**Problem requirements**
Give back exactly the lines of the material below that start at the one holding "IMG20120908073916.jpg" and end at the last line, minus the pictures.
START Provided data
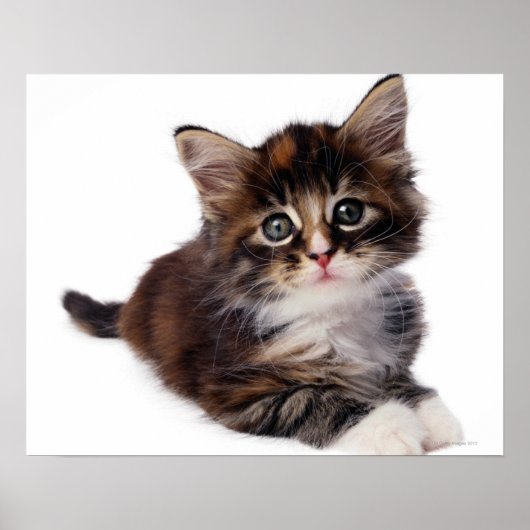 Kitten Poster (Vorne)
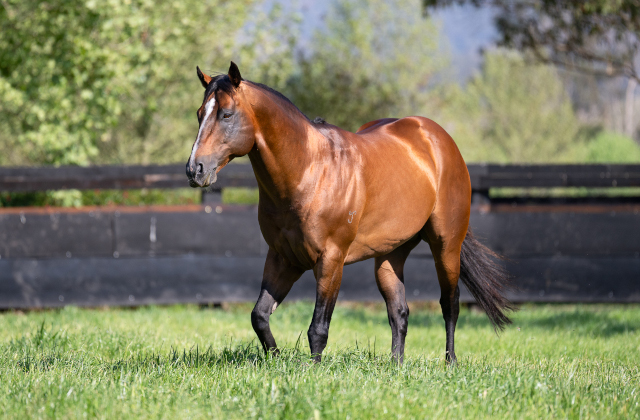 Snitzel 2YO colts fill Group 3 trifecta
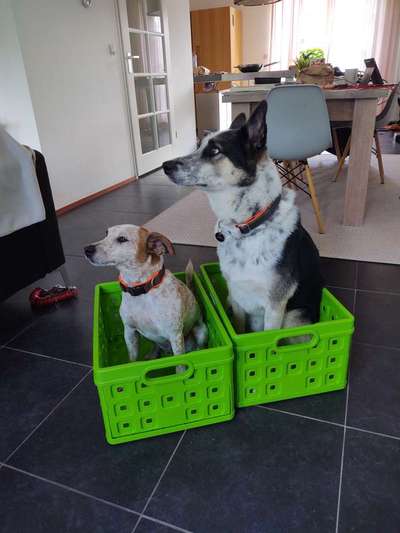 Trick-Challenge Nr.26 Quetschen-Beitrag-Bild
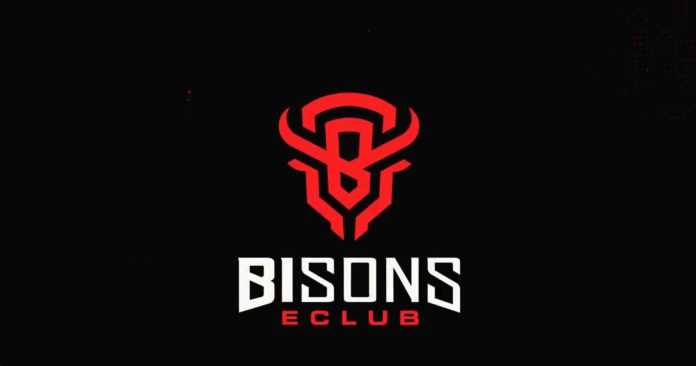 bisons logo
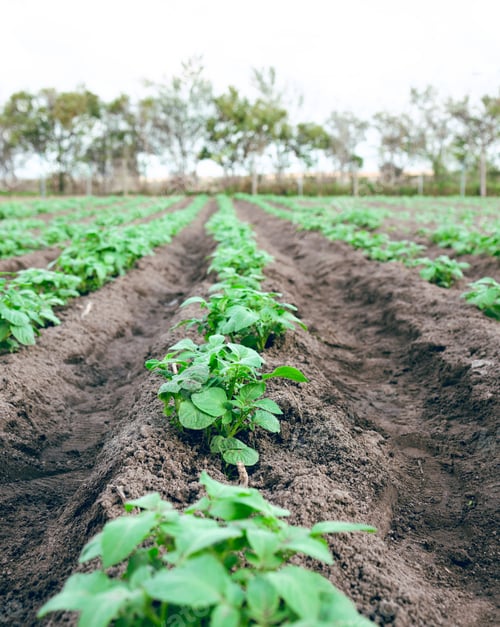 Preview: Agriculture farm, plant growth sustainability and field for carbon capture or ecology farming. Eco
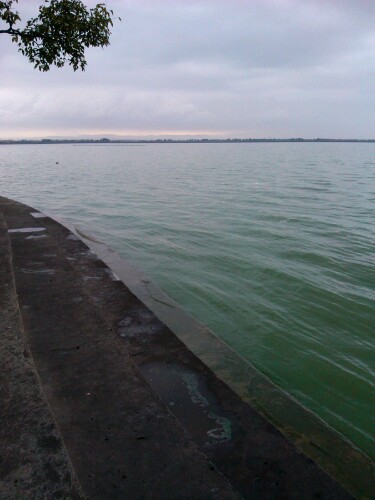 IMG20120908073916.jpg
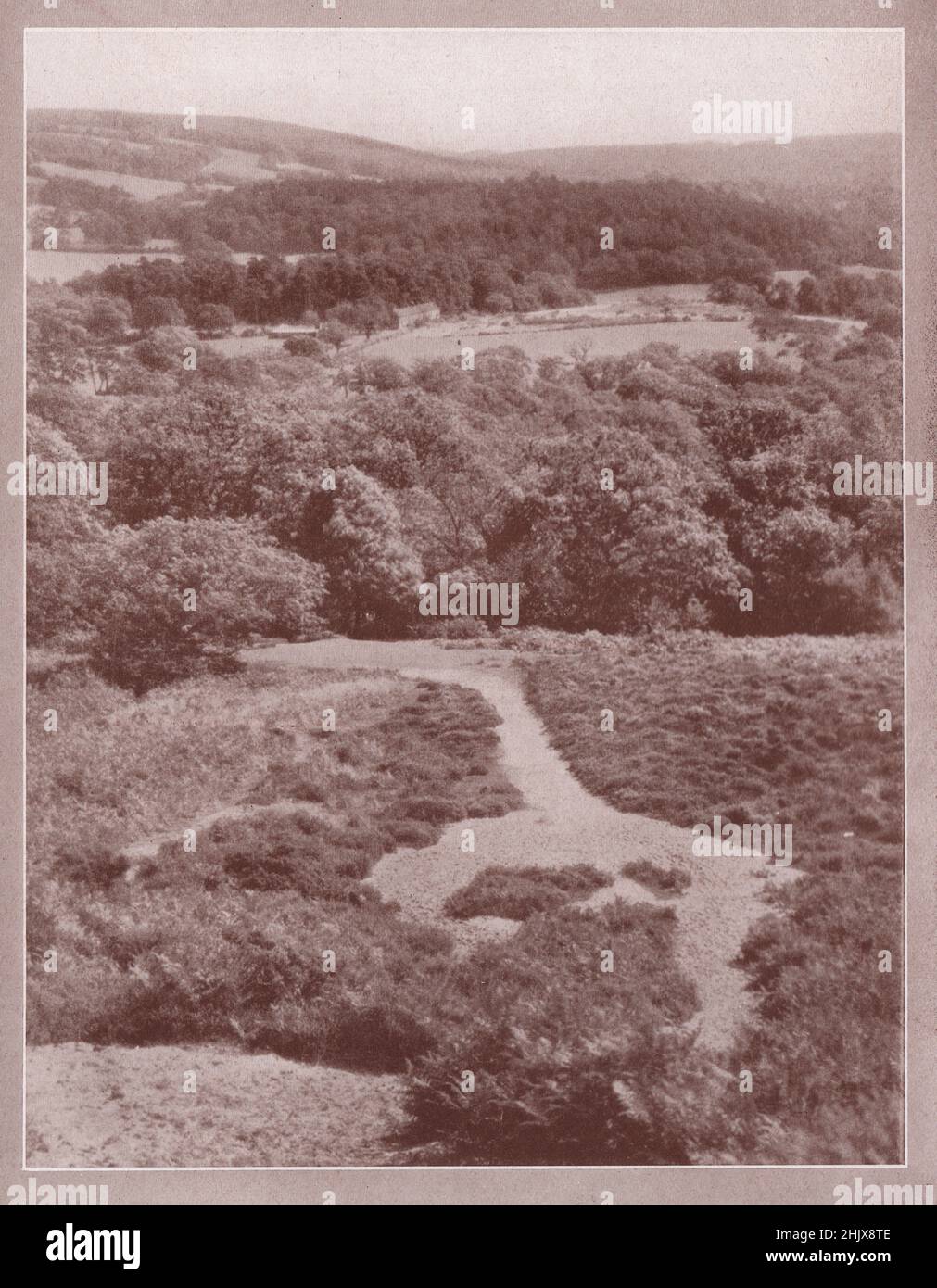 Der Pilgerweg, von der St. Martha's Chapel. Surrey (1923) Stockfoto
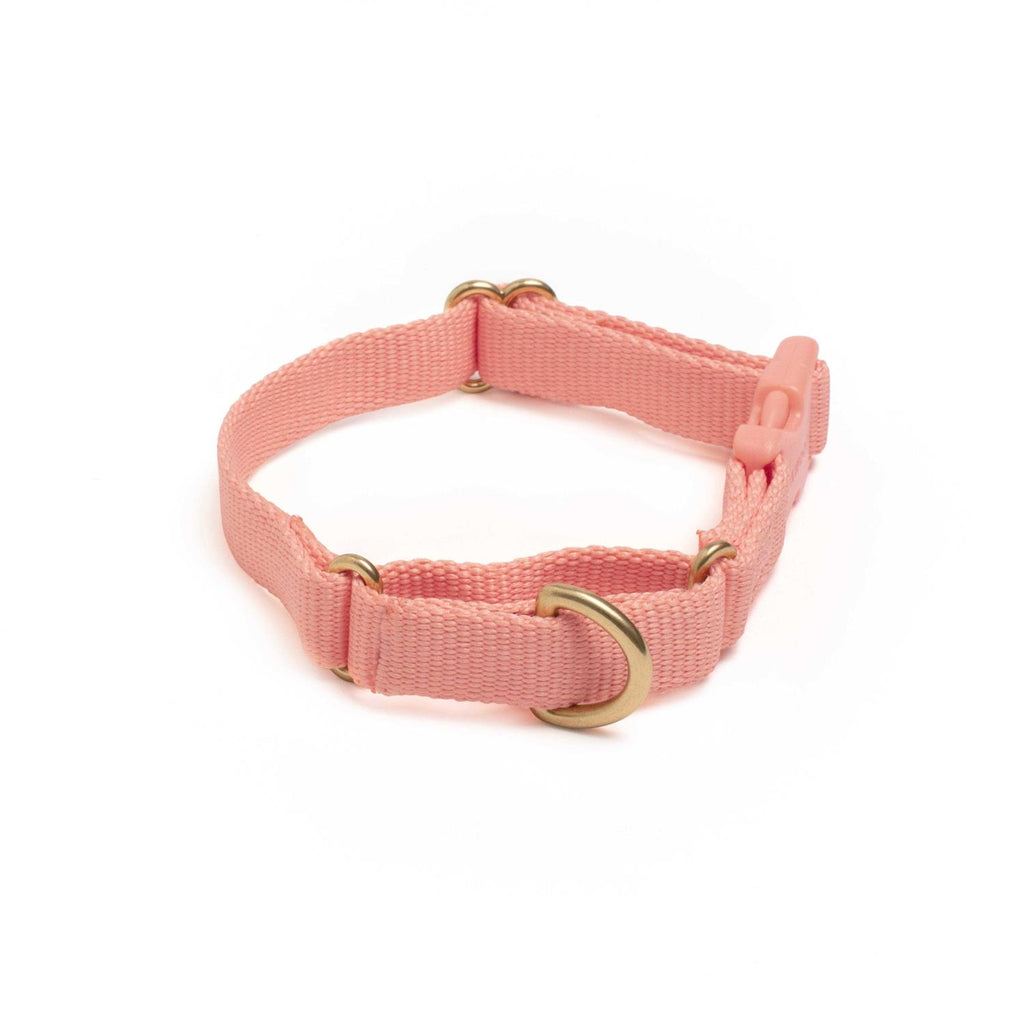 Martingale Dog Collar V59934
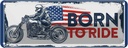 Blechschild 10x27 cm Biker Born to Ride USA Motorcycle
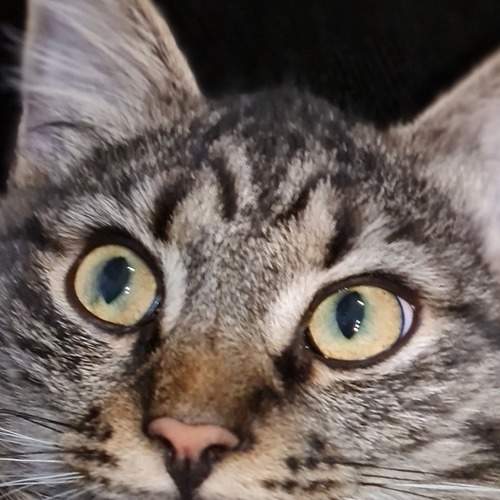 Photo #8997234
END Provided data
**Your solution**
 IMG20120908073916.jpg
 Der Pilgerweg, von der St. Martha's Chapel. Surrey (1923) Stockfoto
 Martingale Dog Collar V59934
 Blechschild 10x27 cm Biker Born to Ride USA Motorcycle
 Photo #8997234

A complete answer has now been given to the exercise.